[Your objective] With pictures removed, print the listing exactly.

[Information provided]
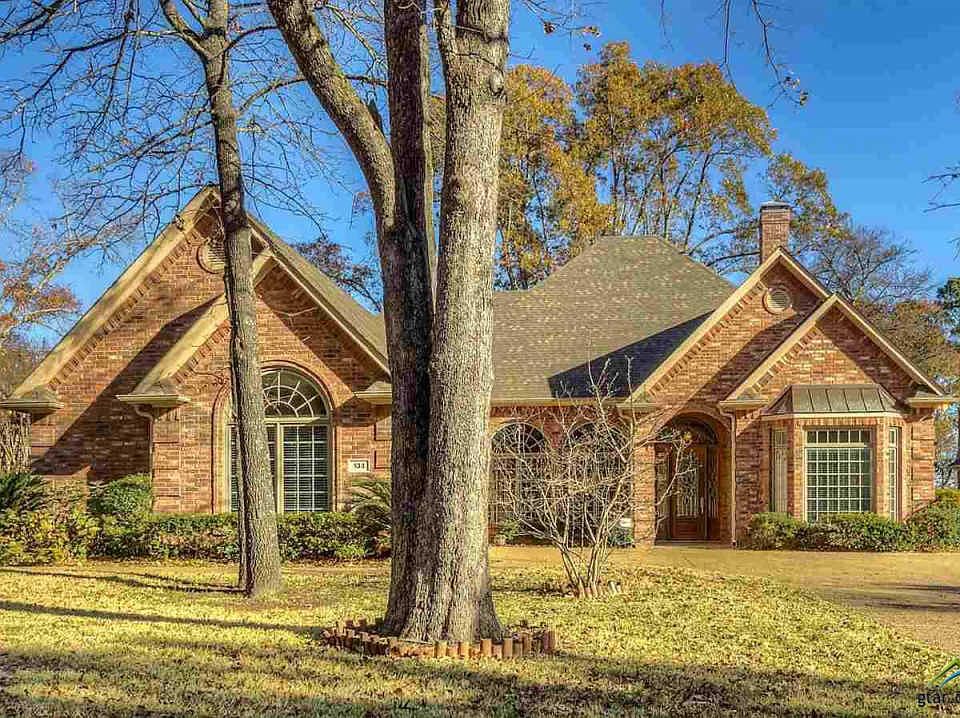 1st image of 133 Dogwood Lakes Cir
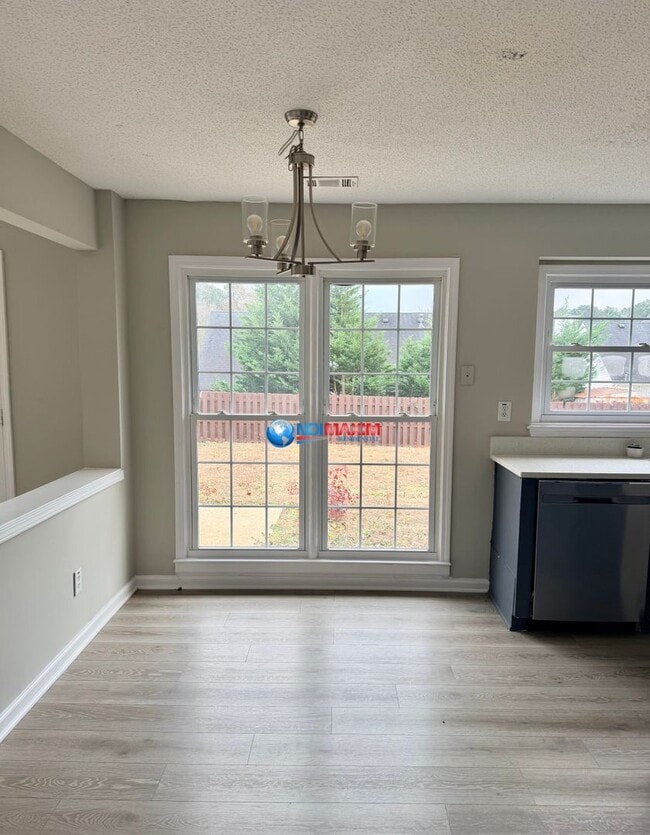 Foto del edificio - 4-bedroom house in the DISCOVERY cluster in Lawrenceville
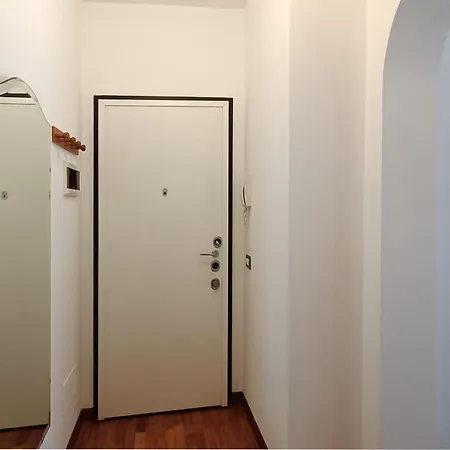 דירה Sahi - Via Dei Ciclamini Mm1 Primaticcio, Stadio San Siro, Ospedale San Carlo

[Exercise output]
 1st image of 133 Dogwood Lakes Cir
 Foto del edificio - 4-bedroom house in the DISCOVERY cluster in Lawrenceville
 דירה Sahi - Via Dei Ciclamini Mm1 Primaticcio, Stadio San Siro, Ospedale San Carlo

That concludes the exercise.